TASK INSTRUCTIONS =
Would you repeat word for word the lines of the listing that follows, from the one with "Best Practices Between" up to and including the one with "Mercedes-Benz E-Class 2018 — ფოტო 11/20", and leave out the images?

GIVEN DATA =
● ● ●

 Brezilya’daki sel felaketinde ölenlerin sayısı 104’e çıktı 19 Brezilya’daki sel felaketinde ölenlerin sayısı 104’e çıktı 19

● ● ●

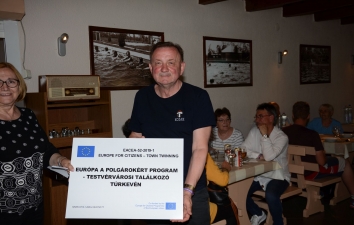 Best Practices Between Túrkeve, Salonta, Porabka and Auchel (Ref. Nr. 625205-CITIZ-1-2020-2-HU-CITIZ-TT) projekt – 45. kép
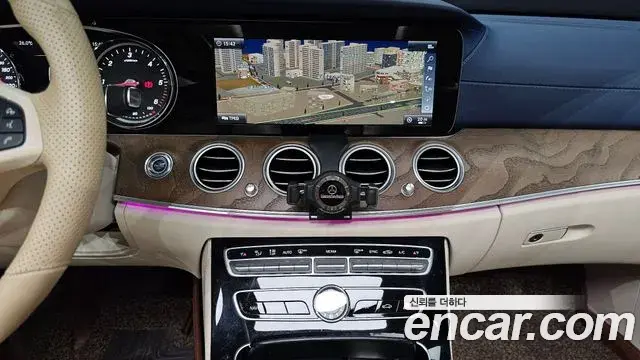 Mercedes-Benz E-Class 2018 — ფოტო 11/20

● ● ●

YOUR RESPONSE =
 Best Practices Between Túrkeve, Salonta, Porabka and Auchel (Ref. Nr. 625205-CITIZ-1-2020-2-HU-CITIZ-TT) projekt – 45. kép
 Mercedes-Benz E-Class 2018 — ფოტო 11/20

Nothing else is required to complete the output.